Were I John Lennon (heck, I have already made references to two out of four, so why not make it three? now if only «Peace and Love» Ringo happened to make a cover of ʽPeacetrainʼ, we could close the circle and go home), anyway, were I John Lennon, I would not have missed a chance to scoff at the record and dismiss it as, say, «pleasantries for peasantries». What makes it different from so many other «pleasantries» of (technically) the same kind is that it has style, charisma, and heart — no matter how lightweight the songs may sound while they are on or how quickly forgotten they may be when they are gone, it is clear that they are all a part of the man's humble, respectful search for the Big Truth — a search that, if you don't mind me blasphemizing in the face of The Almighty, ultimate­ly ended up somewhat caricaturesquely, but commanded respect and acceptance on the level of Teaser And The Firecat. Nevertheless, despite the catchy cho­ruses of ʽChanges VIʼ and ʽTuesday's Deadʼ and even despite the heart-tugging pang of misery on ʽIf I Laughʼ, I do not foresee myself returning to this album as frequently as I might be revisi­ting Tea For The Tillerman — or, heck, even Matthew & Son, for that matter.
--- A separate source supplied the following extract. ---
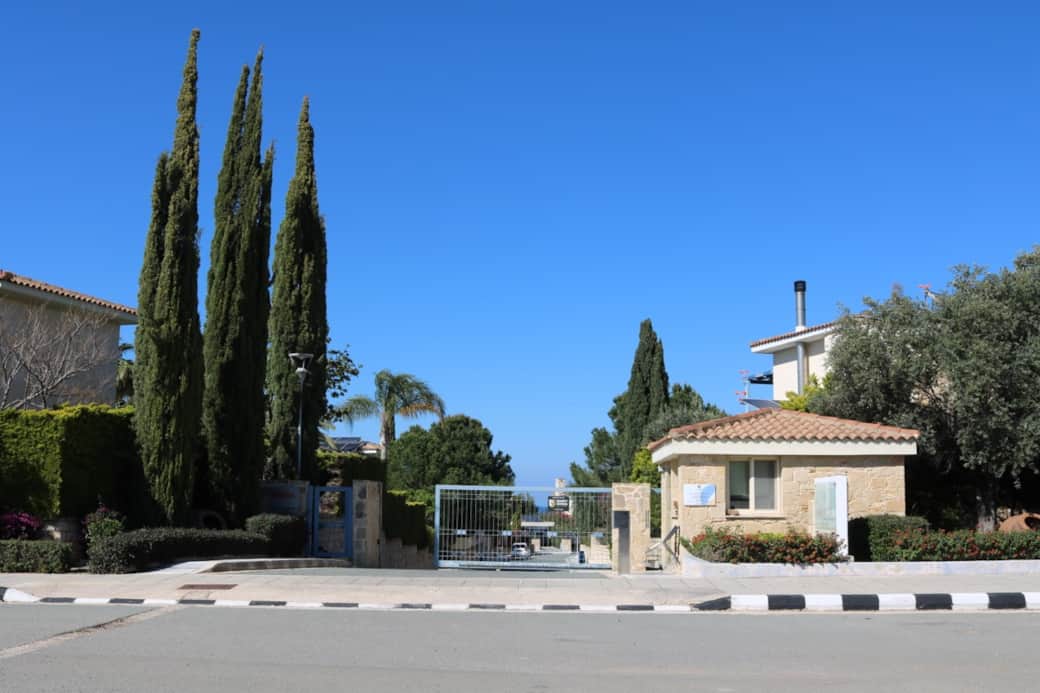 Amorosa Estate Entrance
  1. I also like this quite a bit less than its predecessor, though, again, I think I like it a bit more than you. I find myself coming back to Moonshadow and I do find the Wind just insanely lovely. Really good point about Peace Train, though. It is one of his most famous songs but it's far from his best because, as you say, the arrangement is all wrong. Not a great album for sure, but a very nice one.

    1. I dunno, I kinda like some of the Latin/Mediterranean moves on the guitars.

  2. I respect your views here, I think the album suffers from being packed between an already consolidated style of "Tea for the tillerman" and a bit more diverse "Catch bull at four". If I had to pick one song as a favourite, I think I'd pick "Changes IV": it uplifts the mood of the whole record perfectly and its positive vibes are hard to resist.

  3. Agree 100% with the review. A shame, but that's the way it is.

  4. Hmm. And I though I was the majority on this:

  5. The songs here are definitely more universal than personal as in his previous effort. As a result they don't hang together so well as there's little real continuity and the lyrical themes and styles, for all the minimalism, vary wildly.

    You can argue about the quality of the material all day but for me his gift for melody is one which very few, McCartney aside, have ever matched.